IN THE APPELLATE COURT OF ILLINOIS FOURTH DISTRICT


August 15, 2007

PROGRESSIVE UNIVERSAL INSURANCE COMPANY OF ILLINOIS, PLAINTIFF,
v.
DEBBIE S. TAYLOR; CEDRIC A. YOUNG; HEATHER L. TAYLOR; KAHENDE M. JAKE; DANIEL G. JOYCE; ESTATE OF JERRY L. JEFFERS, DECEASED; THE CARLE FOUNDATION; AND CARLE CLINIC ASSOCIATION, DEFENDANTS, AND CARLE FOUNDATION HOSPITAL, A NOT-FOR-PROFIT CORPORATION; AND CARLE CLINIC ASSOCIATION, A PROFESSIONAL CORPORATION, COUNTERPLAINTIFFS-APPELLEES,
v.
(NO. 4-06-1003) KAHENDE M. JAKE, COUNTERDEFENDANT-APPELLANT.
PROGRESSIVE UNIVERSAL INSURANCE COMPANY OF ILLINOIS, PLAINTIFF,
v.
DEBBIE S. TAYLOR; CEDRIC A. YOUNG; HEATHER L. TAYLOR; KAHENDE M. JAKE; DANIEL G. JOYCE; ESTATE OF JERRY L. JEFFERS, DECEASED; THE CARLE FOUNDATION; AND CARLE CLINIC ASSOCIATION, DEFENDANTS, AND CARLE FOUNDATION HOSPITAL, A NOT-FOR-PROFIT CORPORATION; AND CARLE CLINIC ASSOCIATION, A PROFESSIONAL CORPORATION, COUNTERPLAINTIFFS-APPELLEES,
v.
(NO. 4-06-1004) DANIEL G. JOYCE, COUNTERDEFENDANT-APPELLANT.
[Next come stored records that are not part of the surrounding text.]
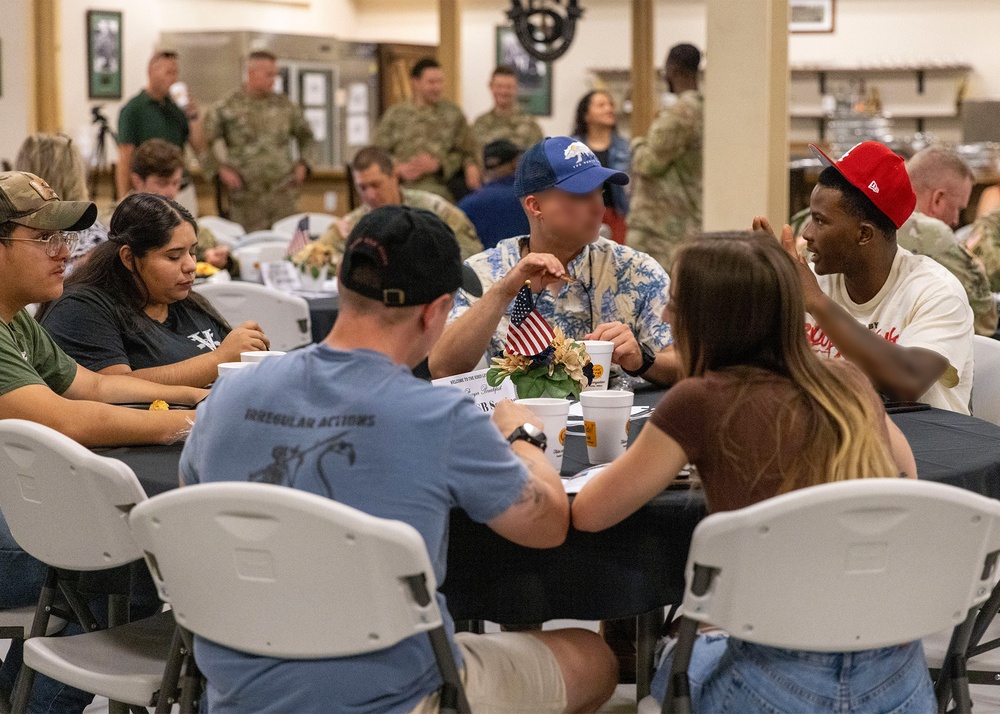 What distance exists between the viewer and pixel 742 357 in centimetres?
182

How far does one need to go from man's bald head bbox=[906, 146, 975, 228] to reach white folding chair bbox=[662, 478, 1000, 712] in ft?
9.77

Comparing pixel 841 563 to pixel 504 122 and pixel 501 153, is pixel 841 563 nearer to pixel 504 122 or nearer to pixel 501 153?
pixel 501 153

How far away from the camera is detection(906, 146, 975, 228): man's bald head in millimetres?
4500

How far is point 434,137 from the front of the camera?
8.48 m

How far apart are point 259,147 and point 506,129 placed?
174 centimetres

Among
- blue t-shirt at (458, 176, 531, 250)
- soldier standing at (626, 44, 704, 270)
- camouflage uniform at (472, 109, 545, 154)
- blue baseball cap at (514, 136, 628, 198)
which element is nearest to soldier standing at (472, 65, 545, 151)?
camouflage uniform at (472, 109, 545, 154)

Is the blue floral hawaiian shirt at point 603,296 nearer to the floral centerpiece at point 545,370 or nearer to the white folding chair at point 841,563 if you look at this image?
the floral centerpiece at point 545,370

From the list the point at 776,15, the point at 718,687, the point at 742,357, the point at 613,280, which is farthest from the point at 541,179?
the point at 776,15

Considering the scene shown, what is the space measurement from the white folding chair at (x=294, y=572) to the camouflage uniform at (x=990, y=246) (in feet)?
12.4

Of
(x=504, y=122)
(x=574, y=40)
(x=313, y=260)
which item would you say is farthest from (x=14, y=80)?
(x=313, y=260)

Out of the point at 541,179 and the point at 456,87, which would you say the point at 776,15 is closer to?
the point at 541,179

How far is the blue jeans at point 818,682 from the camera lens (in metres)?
1.76

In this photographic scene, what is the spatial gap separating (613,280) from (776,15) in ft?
11.8

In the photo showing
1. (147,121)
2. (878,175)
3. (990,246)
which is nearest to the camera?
(878,175) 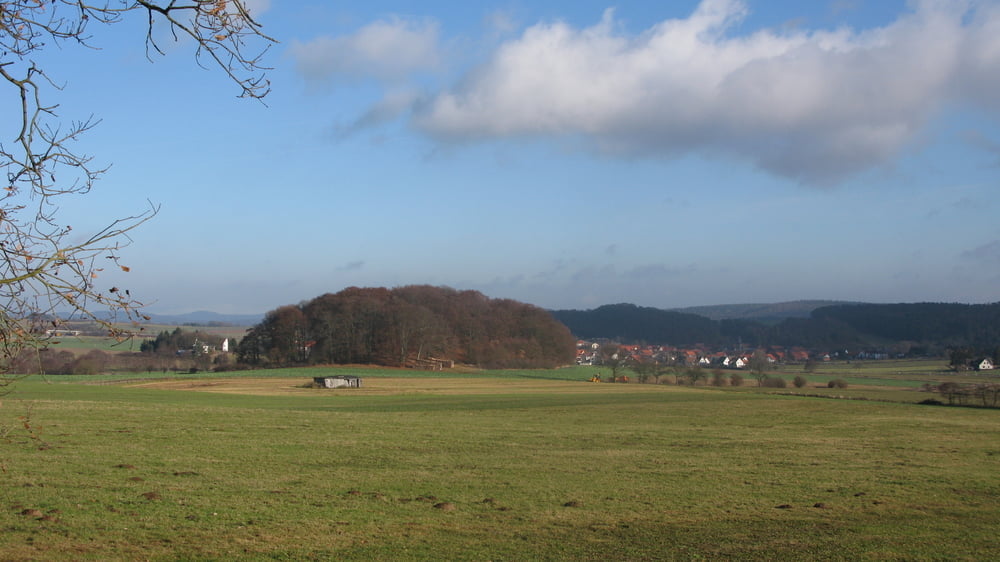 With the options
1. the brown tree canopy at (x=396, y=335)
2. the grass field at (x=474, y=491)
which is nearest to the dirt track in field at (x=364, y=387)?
the brown tree canopy at (x=396, y=335)

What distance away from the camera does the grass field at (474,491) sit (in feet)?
33.5

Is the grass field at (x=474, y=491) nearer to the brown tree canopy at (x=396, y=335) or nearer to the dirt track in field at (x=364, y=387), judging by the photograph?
the dirt track in field at (x=364, y=387)

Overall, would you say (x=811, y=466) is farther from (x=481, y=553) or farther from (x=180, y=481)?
(x=180, y=481)

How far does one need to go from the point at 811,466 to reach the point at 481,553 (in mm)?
12426

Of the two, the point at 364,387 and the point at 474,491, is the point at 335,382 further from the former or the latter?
the point at 474,491

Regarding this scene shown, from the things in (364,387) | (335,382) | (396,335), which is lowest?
(364,387)

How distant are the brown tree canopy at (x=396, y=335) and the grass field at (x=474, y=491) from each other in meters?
77.2

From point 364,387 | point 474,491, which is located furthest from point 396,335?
point 474,491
Appeal from Circuit Court of Champaign County No. 05MR111 Honorable Michael Q. Jones, Judge Presiding.

The opinion of the court was delivered by: Justice Appleton

Published opinion

Counterdefendants Kahende M. Jake and Daniel G. Joyce sustained injuries when the car in which they were riding as passengers ran off the road and crashed. The car was insured by Progressive Universal Insurance Company of Illinois (Progressive). Progressive paid them $5,000 apiece pursuant to the medical-payments coverage of its policy. The medical providers, Carle Foundation Hospital and Carle Clinic Association (collectively, Carle), won a summary judgment requiring Jake and Joyce to endorse the checks over to Carle. We have consolidated their appeals.
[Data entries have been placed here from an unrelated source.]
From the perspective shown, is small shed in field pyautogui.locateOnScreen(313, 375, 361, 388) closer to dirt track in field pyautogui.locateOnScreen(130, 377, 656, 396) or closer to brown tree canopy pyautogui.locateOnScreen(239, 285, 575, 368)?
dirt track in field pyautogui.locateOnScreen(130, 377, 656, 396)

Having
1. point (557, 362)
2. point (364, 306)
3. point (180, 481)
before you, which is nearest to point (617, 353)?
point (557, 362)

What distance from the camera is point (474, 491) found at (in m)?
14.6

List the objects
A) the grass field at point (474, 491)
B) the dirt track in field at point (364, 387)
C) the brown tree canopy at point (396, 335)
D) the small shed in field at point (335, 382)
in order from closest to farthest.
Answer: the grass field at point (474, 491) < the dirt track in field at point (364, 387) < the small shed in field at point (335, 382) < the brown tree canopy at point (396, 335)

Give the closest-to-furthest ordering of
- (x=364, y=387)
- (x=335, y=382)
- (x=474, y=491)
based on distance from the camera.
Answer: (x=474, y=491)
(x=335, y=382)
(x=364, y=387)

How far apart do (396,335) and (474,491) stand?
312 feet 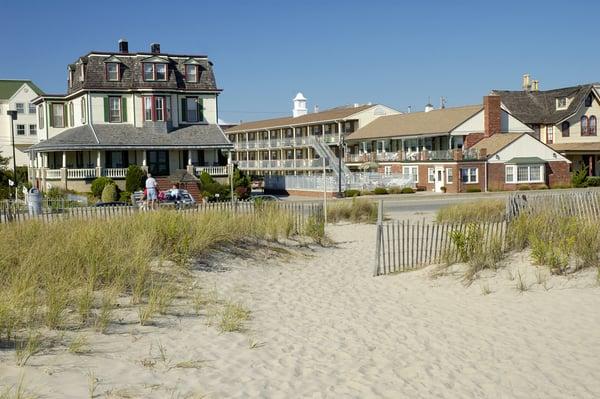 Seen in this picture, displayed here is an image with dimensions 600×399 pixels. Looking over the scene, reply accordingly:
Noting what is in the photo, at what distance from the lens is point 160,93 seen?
161ft

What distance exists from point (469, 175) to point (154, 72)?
79.1 feet

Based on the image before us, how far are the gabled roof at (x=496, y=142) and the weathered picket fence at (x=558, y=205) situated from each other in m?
32.7

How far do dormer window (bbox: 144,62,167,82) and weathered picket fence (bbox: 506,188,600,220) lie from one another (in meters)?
35.4

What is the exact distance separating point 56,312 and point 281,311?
13.0ft

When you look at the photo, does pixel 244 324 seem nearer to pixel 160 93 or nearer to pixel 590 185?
pixel 160 93

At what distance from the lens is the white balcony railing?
152 ft

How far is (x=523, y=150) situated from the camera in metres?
52.4

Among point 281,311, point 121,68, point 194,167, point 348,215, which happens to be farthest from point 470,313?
point 121,68

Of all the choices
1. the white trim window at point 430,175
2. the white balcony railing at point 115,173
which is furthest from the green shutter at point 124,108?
the white trim window at point 430,175

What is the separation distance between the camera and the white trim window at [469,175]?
167 ft

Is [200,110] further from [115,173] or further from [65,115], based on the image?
[65,115]

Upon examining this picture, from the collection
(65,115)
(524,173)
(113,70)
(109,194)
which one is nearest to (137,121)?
(113,70)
We modify the summary judgment so as to require Jake and Joyce to turn over to Carle only 40% of the proceeds of the two $5,000 checks. Although their indebtedness to Carle may well be more, section 10(a) of the Health Care Services Lien Act (770 ILCS 23/10(a) (West 2004)) limits Carle's lien to 40%. We affirm the judgment as modified.

I. BACKGROUND

On August 24, 2004, in Urbana, Cedric A. Young was driving Debbie S. Taylor's car with the permission of Debbie's daughter, Heather A. Taylor. He got into a single-vehicle accident when he ran off the road under a railway overpass. Two of his passengers, Jake and Joyce, sustained injuries. A third passenger, Jerry L. Jeffers, died.
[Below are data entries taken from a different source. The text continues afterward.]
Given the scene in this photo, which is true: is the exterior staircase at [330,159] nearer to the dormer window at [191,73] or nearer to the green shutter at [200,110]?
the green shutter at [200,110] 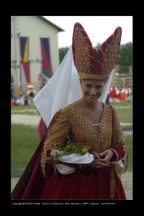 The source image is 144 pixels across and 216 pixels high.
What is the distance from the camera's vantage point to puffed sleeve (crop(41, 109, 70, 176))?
3613 millimetres

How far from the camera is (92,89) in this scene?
11.9ft

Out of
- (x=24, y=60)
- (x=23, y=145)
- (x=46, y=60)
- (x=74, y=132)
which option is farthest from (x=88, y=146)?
(x=46, y=60)

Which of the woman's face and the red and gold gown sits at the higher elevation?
the woman's face

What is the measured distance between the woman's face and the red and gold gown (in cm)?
16

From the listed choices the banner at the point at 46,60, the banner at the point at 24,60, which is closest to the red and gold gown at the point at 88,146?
the banner at the point at 24,60

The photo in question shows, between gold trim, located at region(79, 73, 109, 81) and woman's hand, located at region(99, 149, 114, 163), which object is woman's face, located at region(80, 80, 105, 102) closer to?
gold trim, located at region(79, 73, 109, 81)

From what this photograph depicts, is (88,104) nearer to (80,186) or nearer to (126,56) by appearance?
(80,186)

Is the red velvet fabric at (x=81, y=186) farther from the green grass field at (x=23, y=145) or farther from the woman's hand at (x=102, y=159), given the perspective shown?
the green grass field at (x=23, y=145)

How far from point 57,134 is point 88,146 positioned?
256mm

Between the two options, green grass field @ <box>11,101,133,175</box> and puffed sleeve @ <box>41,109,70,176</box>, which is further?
green grass field @ <box>11,101,133,175</box>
Debbie had an automobile insurance policy with Progressive. On February 10, 2005, Progressive filed a complaint for interpleader and declaratory judgment, in which it tendered the entire $50,000 liability coverage to the trial court for distribution to the injured passengers. The combined losses of the passengers far exceeded $50,000.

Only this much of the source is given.